• [WHAT YOU HAVE TO DO] Below is a listing. Return the lines from the one that contains "Salvage Nissan LEAF" to the one that contains "Серый Форд Транзит, объемом", both ends included, verbatim and with no pictures.

• [DATASET RECORDS]
────────────────
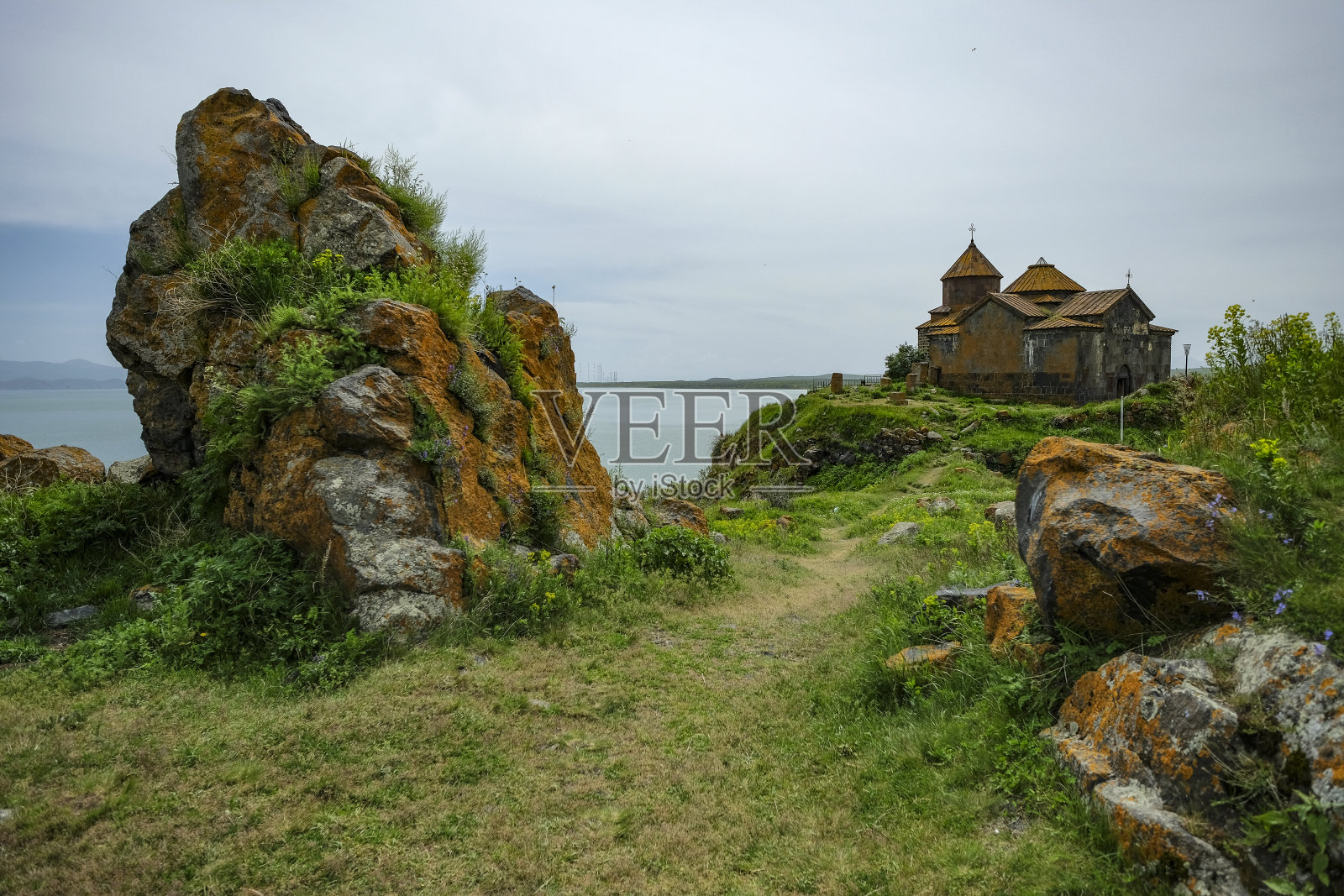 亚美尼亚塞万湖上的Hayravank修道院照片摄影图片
────────────────
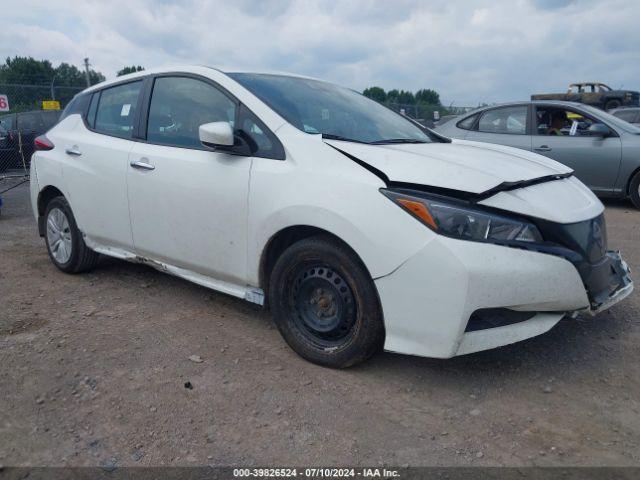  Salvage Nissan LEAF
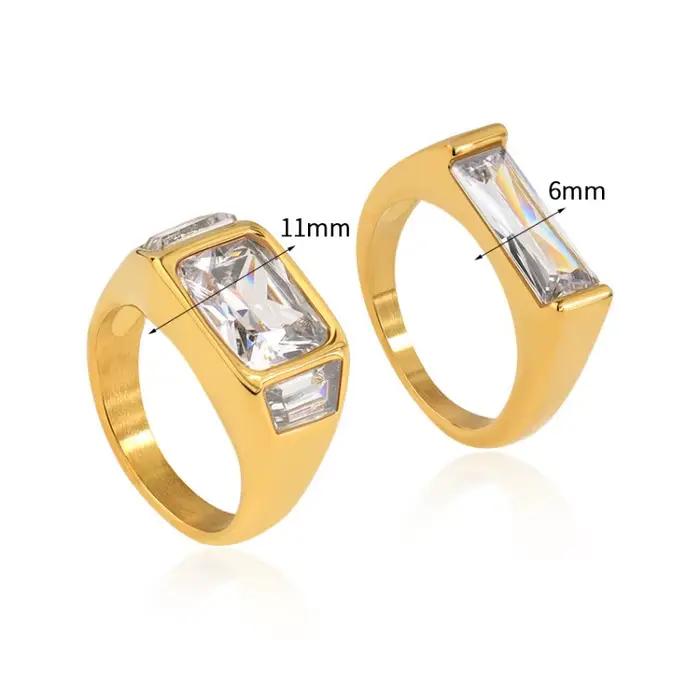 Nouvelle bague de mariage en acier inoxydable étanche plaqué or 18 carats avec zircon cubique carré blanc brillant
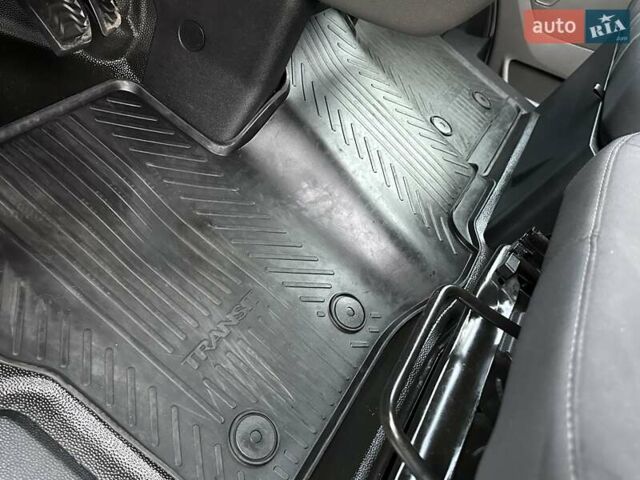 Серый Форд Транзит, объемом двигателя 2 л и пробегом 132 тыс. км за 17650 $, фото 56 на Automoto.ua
────────────────
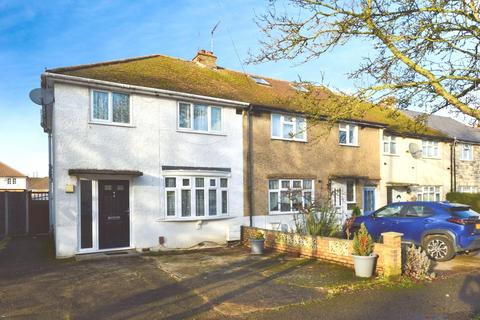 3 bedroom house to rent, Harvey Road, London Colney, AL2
────────────────
• [EXERCISE SOLUTION]
  Salvage Nissan LEAF
 Nouvelle bague de mariage en acier inoxydable étanche plaqué or 18 carats avec zircon cubique carré blanc brillant
 Серый Форд Транзит, объемом двигателя 2 л и пробегом 132 тыс. км за 17650 $, фото 56 на Automoto.ua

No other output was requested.